Let your answer be the line containing "IndigoFerry Women Floral" and every line below it to the end of the records, copied exactly.

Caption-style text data
※
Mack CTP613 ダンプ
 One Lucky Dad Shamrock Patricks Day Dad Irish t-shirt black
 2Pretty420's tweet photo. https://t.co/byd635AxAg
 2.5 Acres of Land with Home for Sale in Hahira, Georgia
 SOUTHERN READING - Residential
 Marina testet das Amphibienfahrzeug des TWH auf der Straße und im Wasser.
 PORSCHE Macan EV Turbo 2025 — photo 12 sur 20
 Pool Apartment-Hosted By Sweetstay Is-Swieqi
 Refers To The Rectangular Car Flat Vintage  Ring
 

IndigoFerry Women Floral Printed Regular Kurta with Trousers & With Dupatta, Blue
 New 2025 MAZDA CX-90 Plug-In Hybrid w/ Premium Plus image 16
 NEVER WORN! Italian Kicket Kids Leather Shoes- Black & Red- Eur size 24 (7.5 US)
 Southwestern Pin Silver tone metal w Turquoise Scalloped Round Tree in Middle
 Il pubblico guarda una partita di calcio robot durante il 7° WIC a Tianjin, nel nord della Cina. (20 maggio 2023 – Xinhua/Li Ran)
※
Result of this task —
IndigoFerry Women Floral Printed Regular Kurta with Trousers & With Dupatta, Blue
 New 2025 MAZDA CX-90 Plug-In Hybrid w/ Premium Plus image 16
 NEVER WORN! Italian Kicket Kids Leather Shoes- Black & Red- Eur size 24 (7.5 US)
 Southwestern Pin Silver tone metal w Turquoise Scalloped Round Tree in Middle
 Il pubblico guarda una partita di calcio robot durante il 7° WIC a Tianjin, nel nord della Cina. (20 maggio 2023 – Xinhua/Li Ran)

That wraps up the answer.